▸ **WHAT YOU HAVE TO DO**
Return the listing below unchanged, but without pictures.

▸ **EXTRACTED ENTRIES**

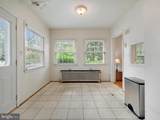 6204 Lombard Ave - Photo 16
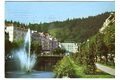 F 23679 - Karlovy Vary 4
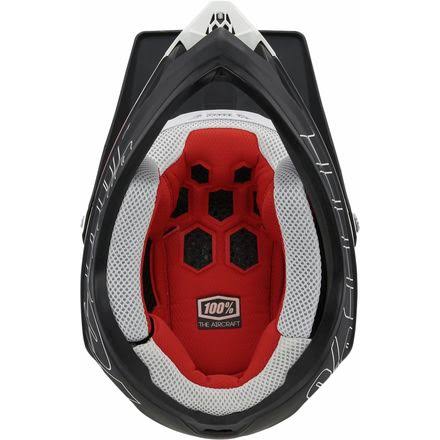 Carbon MIPS Helmet XL U918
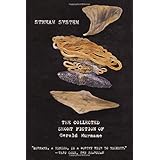 Stream System: The Collected Short Fiction of Gerald Murnane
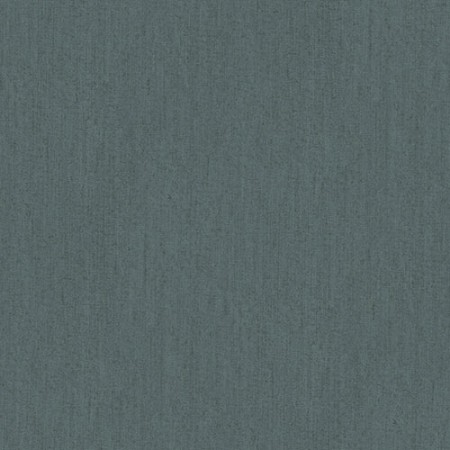 Bild på Textil - 19132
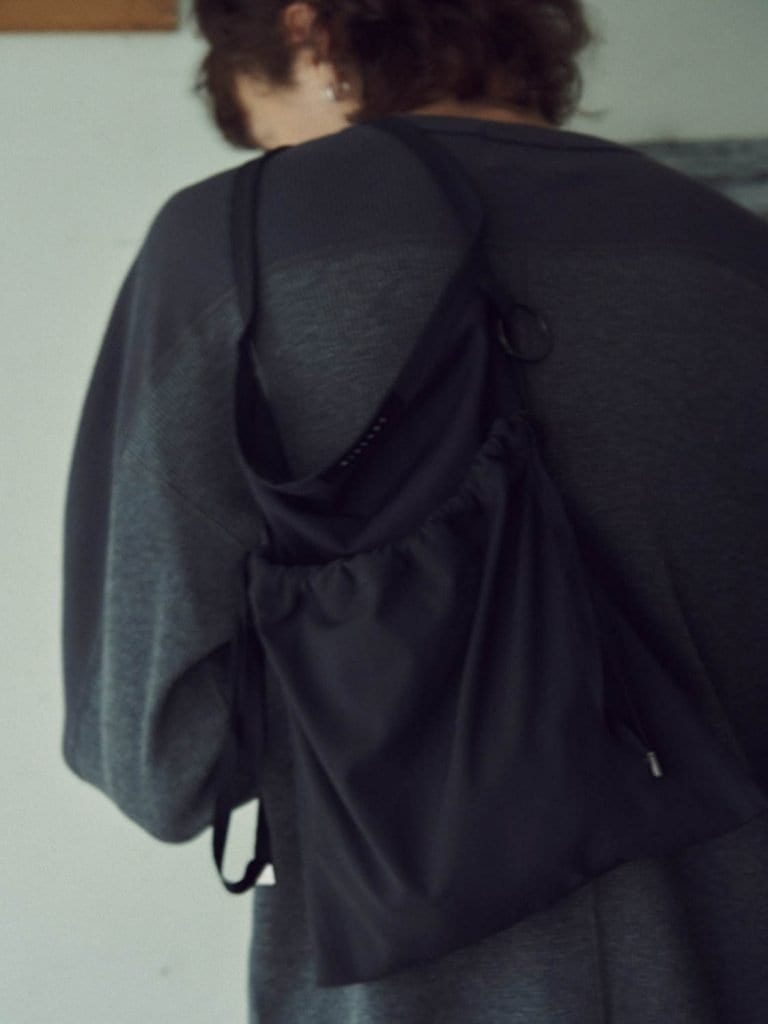 Wizzard SS2020 Wizzard SS2020 Vanity Teen 虚荣青年 Lifestyle & new faces magazine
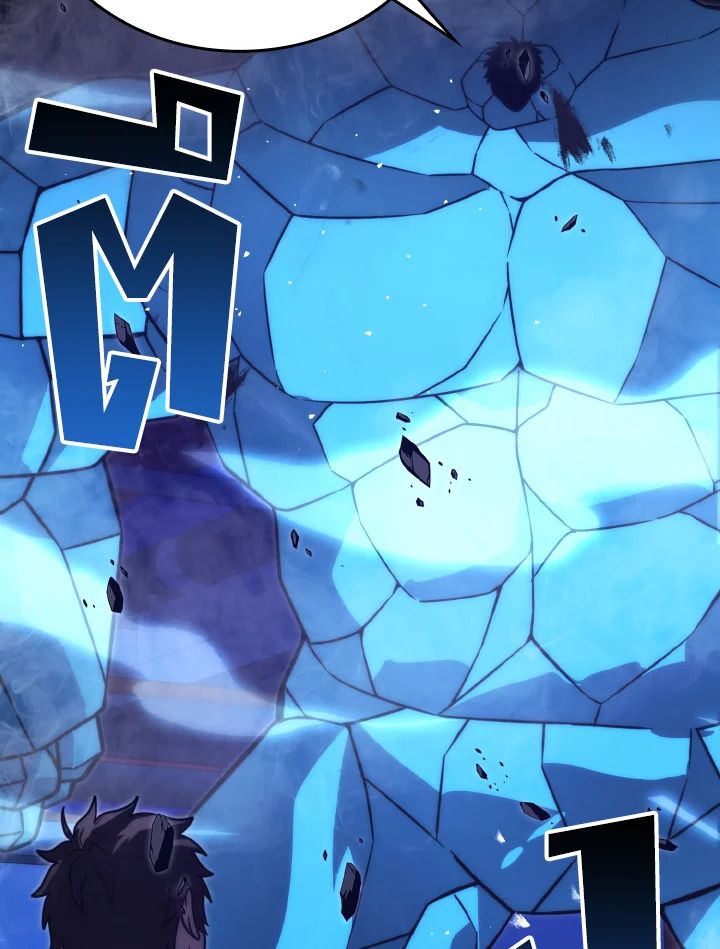 The Demon King Levels Up ตอนที่ 65 28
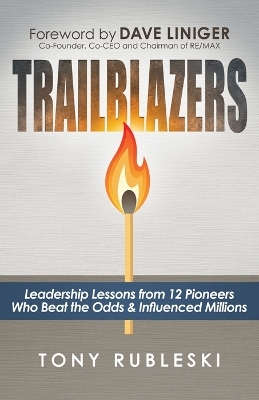 Trailblazers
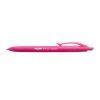 BOLIGRAFO Milan P-1 TOUCH Colours PASTEL (Cuerpo Goma) (Rosa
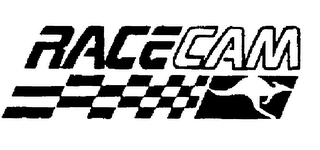 RACECAM logo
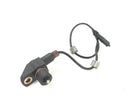 BMW K 1300 S K12S [2010] - Kurbelwellensensor-1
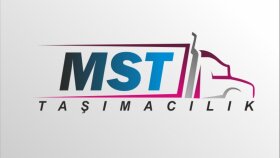 istediğiniz tarzda logoyu tasarlayabilirim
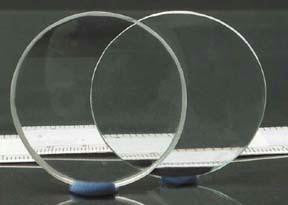 Picture of Neutralizing Lens Set
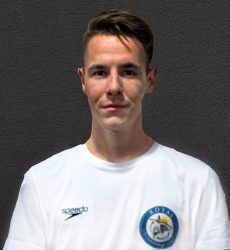 Martin Vojtkovský Martin Vojtkovský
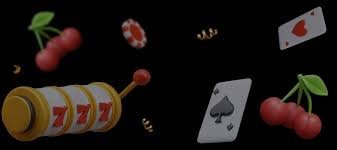 j1 game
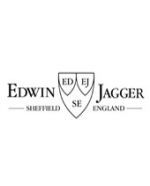 Edwin Jagger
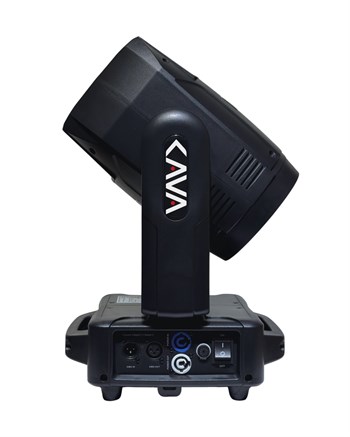 KAVA Beam Vex Robot Işık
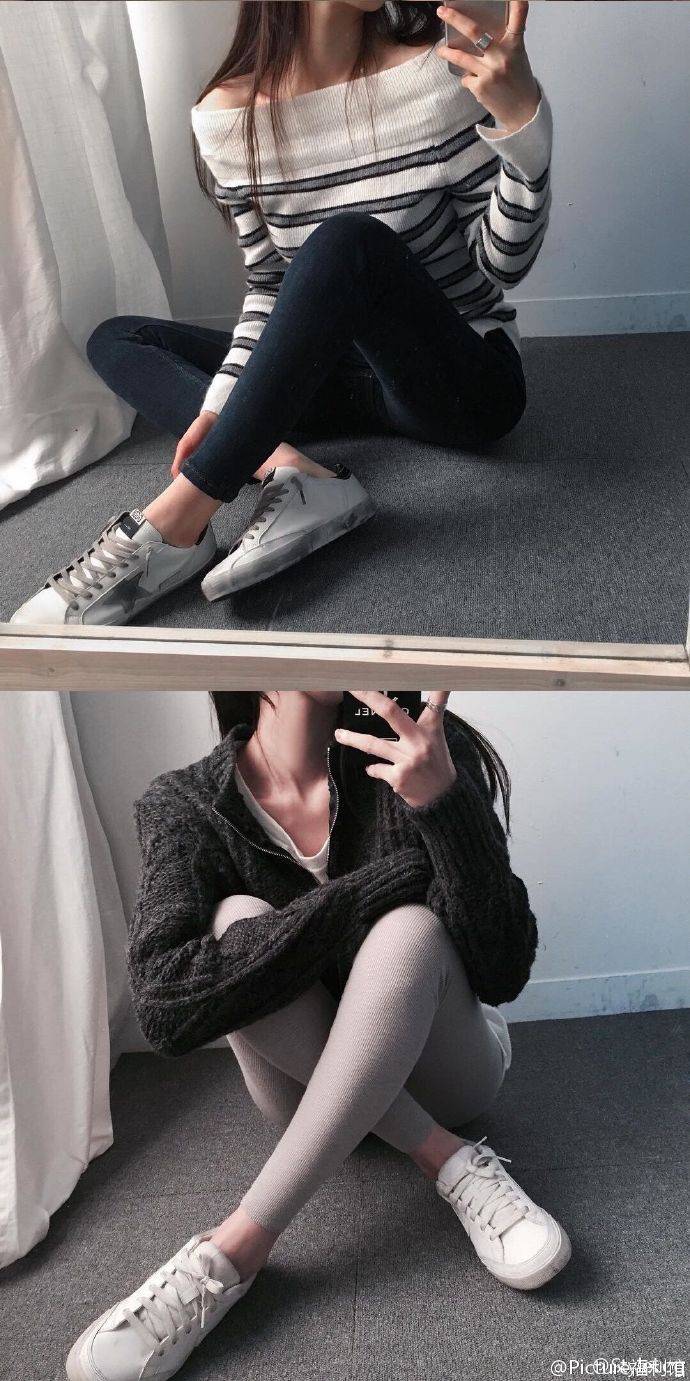 939f3f96gw1f9whxkff5bj20u01o1aku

▸ **WRITTEN RESPONSE**
 6204 Lombard Ave - Photo 16
 F 23679 - Karlovy Vary 4
 Carbon MIPS Helmet XL U918
 Stream System: The Collected Short Fiction of Gerald Murnane
 Bild på Textil - 19132
 Wizzard SS2020 Wizzard SS2020 Vanity Teen 虚荣青年 Lifestyle & new faces magazine
 The Demon King Levels Up ตอนที่ 65 28
 Trailblazers
 BOLIGRAFO Milan P-1 TOUCH Colours PASTEL (Cuerpo Goma) (Rosa
 RACECAM logo
 BMW K 1300 S K12S [2010] - Kurbelwellensensor-1
 istediğiniz tarzda logoyu tasarlayabilirim
 Picture of Neutralizing Lens Set
 Martin Vojtkovský Martin Vojtkovský
 j1 game
 Edwin Jagger
 KAVA Beam Vex Robot Işık
 939f3f96gw1f9whxkff5bj20u01o1aku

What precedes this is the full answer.